Independence Day

Old State House, Boston, July 4, 2013 -- Reading the Declaration of Independence

Old State House, Boston, July 4, 2013 — A reading of the Declaration of Independence (Photo: DY)

I know that many readers find their way to this blog because they’re facing difficult, sometimes horrible situations at work. I’m not a professional counselor, but I also know that it’s possible to feel very trapped in such situations, and getting unstuck can seem like an insurmountable challenge.

Here in the States it’s our Independence Day, marking America’s 1776 proclamation of separation from British rule. For those who are feeling stuck in place, let me use this occasion to encourage you to do at least one thing every day that moves you in a better direction.

Do something, anything, so long as it is healthy rather than self-destructive and more freeing than constraining. The path toward something better may start with tiny steps or huge leaps, but going forward you must.

At least one thing, every day. It starts to add up, and while there are no guarantees, it may lead you to something much better.

***

Personal note: I took the photo this morning. After 19 years in Boston, I figured it was time to partake in at least one of the July 4 historic observances. I learned today that the actual first reading of the Declaration of Independence in Boston did not occur until July 18, 1776. It took two weeks for a rider to deliver a copy to Boston and for local leaders to organize a formal presentation to the public at this very site.

To be honest, standing in the increasingly hot sun and listening to a reading of the complete Declaration, with its long list of grievances against the Crown, is not something I’d want to do every year. But today I imagined what it was like to be there in 1776, listening to the same document being presented, perhaps standing right where I’m standing. Pretty neat stuff.

2 responses

  1. Your story compelled me to get my sister’s book out “The Bolyard Story: Ancestors and Decendants of Stephen Bolyard Preston County, West Virginia, Pioneer. She wrote it mainly for my children and their descendents. She had enough copies printed for family and a few others she donated to libraries or sells for $12.00. (printing cost). It is wonderfully researched and written. It is written in story form about our ancestors who served in the Revolutionary and Civil wars. My maiden name is Bolyard.

    I will get to the point and then go back to how we are related to Stephen Balliet (the name was later changed to Bolyard).

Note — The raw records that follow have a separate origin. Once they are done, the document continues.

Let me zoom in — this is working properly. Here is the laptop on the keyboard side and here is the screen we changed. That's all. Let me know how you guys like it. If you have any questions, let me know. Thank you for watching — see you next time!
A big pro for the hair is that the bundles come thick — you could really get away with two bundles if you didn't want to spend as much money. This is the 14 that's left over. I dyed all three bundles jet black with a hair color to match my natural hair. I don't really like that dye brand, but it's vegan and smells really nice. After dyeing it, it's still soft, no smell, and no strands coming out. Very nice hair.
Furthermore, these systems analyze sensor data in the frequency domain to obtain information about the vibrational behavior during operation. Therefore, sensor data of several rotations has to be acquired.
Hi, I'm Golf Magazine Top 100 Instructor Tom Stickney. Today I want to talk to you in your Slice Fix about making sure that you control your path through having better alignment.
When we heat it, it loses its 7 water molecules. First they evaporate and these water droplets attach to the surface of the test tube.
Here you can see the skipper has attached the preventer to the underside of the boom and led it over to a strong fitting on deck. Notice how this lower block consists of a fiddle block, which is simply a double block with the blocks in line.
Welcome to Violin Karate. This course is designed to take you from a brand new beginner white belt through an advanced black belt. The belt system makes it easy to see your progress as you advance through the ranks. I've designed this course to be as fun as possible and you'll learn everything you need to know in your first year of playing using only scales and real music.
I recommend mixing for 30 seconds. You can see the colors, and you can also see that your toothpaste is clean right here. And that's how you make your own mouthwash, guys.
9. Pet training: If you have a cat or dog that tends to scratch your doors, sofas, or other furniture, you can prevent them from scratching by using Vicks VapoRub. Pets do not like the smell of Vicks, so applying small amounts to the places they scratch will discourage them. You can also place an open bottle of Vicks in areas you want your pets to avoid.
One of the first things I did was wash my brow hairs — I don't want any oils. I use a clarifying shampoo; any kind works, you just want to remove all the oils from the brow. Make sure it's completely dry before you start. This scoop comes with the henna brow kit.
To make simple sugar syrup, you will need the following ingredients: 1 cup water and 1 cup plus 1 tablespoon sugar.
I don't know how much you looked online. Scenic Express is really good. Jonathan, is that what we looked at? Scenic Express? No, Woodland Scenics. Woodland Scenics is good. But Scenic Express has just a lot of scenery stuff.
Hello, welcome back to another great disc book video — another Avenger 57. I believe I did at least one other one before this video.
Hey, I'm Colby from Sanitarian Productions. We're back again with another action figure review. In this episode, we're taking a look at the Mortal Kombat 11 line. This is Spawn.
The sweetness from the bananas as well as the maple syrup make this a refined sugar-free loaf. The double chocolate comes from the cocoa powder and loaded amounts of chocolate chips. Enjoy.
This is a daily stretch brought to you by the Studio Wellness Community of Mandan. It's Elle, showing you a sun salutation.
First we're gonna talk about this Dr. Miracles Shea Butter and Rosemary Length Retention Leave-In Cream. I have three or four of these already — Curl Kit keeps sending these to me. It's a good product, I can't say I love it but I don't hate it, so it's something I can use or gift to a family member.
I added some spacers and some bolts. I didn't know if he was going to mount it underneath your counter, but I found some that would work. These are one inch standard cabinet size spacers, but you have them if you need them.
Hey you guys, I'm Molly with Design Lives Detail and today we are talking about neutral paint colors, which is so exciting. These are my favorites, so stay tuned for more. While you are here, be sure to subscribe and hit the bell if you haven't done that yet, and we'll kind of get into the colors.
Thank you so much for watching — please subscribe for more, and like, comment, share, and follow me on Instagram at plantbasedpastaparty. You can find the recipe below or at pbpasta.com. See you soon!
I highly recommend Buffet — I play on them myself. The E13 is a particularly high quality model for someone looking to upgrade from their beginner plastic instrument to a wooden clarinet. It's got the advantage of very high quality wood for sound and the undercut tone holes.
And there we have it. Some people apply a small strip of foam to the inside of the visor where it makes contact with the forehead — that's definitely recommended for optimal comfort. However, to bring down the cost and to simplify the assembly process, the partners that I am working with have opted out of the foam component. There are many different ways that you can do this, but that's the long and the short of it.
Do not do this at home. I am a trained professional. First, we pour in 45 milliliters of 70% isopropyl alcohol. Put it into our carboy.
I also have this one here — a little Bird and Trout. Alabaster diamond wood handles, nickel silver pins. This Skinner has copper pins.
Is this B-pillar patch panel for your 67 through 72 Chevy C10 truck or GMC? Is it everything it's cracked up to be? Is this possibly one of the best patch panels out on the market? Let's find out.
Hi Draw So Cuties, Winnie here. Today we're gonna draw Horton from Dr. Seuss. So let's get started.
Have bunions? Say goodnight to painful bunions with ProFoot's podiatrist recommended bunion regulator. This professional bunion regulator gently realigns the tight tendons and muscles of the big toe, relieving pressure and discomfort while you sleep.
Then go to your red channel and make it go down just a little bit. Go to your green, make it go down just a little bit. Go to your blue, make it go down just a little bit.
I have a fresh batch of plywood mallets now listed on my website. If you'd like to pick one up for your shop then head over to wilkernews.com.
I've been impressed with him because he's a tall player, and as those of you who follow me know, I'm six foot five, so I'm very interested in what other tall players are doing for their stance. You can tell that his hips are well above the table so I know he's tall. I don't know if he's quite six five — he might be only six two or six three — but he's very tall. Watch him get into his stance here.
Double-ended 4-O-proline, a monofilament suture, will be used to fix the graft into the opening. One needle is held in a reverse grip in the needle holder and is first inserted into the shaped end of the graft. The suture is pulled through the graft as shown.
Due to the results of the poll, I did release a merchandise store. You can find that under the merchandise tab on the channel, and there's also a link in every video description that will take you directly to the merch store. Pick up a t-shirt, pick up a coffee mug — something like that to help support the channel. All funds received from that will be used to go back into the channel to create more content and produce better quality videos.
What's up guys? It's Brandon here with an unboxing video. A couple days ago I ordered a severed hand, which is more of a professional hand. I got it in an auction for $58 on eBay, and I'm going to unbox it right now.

    excerpt from Sharon Smith’s book (my sister):
    “As an officer in the Northampton County militia, Stephen Balliet had a role in a significant historical event that took place on July 8, 1776, in Easton, county seat of Northampton County. Easton was selected as one of the three places, along with Philadelphia and Trenton, for the first public reading of the Declaration of Independence which had been adopted four days earlier. Lt. Colonel Stephen Ballet and other field officers in the Northhampton County militia were among the select group gathered at the entrance of the county courthouse which stood in the Grand Square. According to family tradition, Lt. Colonel Stephan carried one of the original copies of the Declaration of Independence to Easton for the reading.”

    The Balliet’s immigrated from the Alsace-Lorraine region of France during the Hugeunot exodus. My father, Junior Bolyard who served in WWII, was the son of Alvie Bolyard, Alvie’s grandfather was Henry Preston Bolyard, son of Stephen Bolyard son of Joseph Balliet, who was one of the first ancestors to immigrate to America.

    This is a long comment but thought you might find it interesting.